Iceland’s beautiful journey finally comes to an end at Euro 2016 | Barney Ronay

After a stunning run that won friends around the world Lars Lagerback’s men were torn apart by a France team with growing belief this could be their year

Bless, Island! Goodbye and thanks. You’ll always have Nice, Marseille and Saint-Etienne. You’ll always have Roy Hodgson’s boat trip and angry Ronaldo. Even in vertiginous quarter-final defeat it has been a brilliant ride from start almost to finish.

Iceland found themselves this time on the wrong end of a high-class mugging from Didier Deschamps’ powerful, slick-passing team at the Stade de France. In the first half they were simply swept away, stumbling finally over the basic parallax error of their presence at this late stage as France scored four merciless goals without reply.

There was still time for one lovely moment, a memento for an improbable day and an improbable run.
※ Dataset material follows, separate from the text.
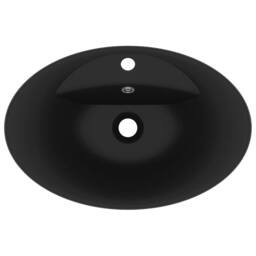 Berkfield Home Luxury Basin Overflow Oval Matt Black 58.5x39 cm Ceramic - thumbnail 4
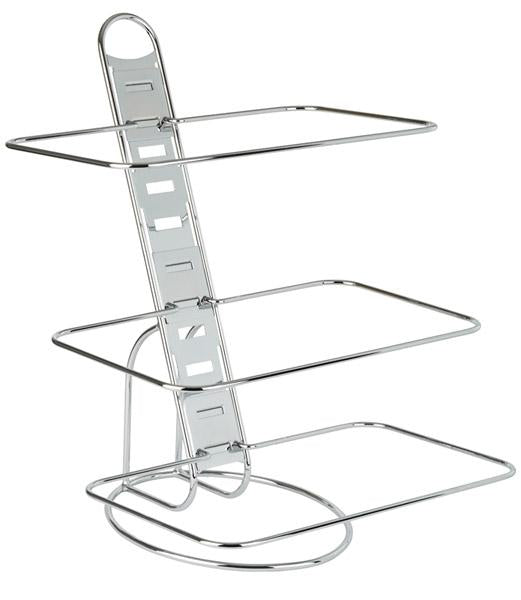 Dreistufiger Metallständer für Tabletts.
Ten minutes into a soft-pedalled second half the Icelandic fans began singing Eg Er Kominn Heim, a gentle, haunting Hungarian song lifted from a 1970s film and adopted as a travelling anthem.

As they crooned away the rest of the stadium fell silent, just listening. It might have ended with a round of applause but, brilliantly, Iceland scored just as the song finished, Kolbeinn Sigthorsson poking in from close range and adding the perfect final note to a flush of warmth in a chilly tournament wake.

It did not last. Within five minutes Olivier Giroud had made it 5-1. Not that anyone enchanted by Iceland’s story, their coolness and grace in France, will dwell overly on this thumping defeat. At some point the gulf in playing pedigree was going to make itself felt. It happened early on here as Iceland were suddenly gasping in the thin quarter-final air, before finding themselves expertly cut apart.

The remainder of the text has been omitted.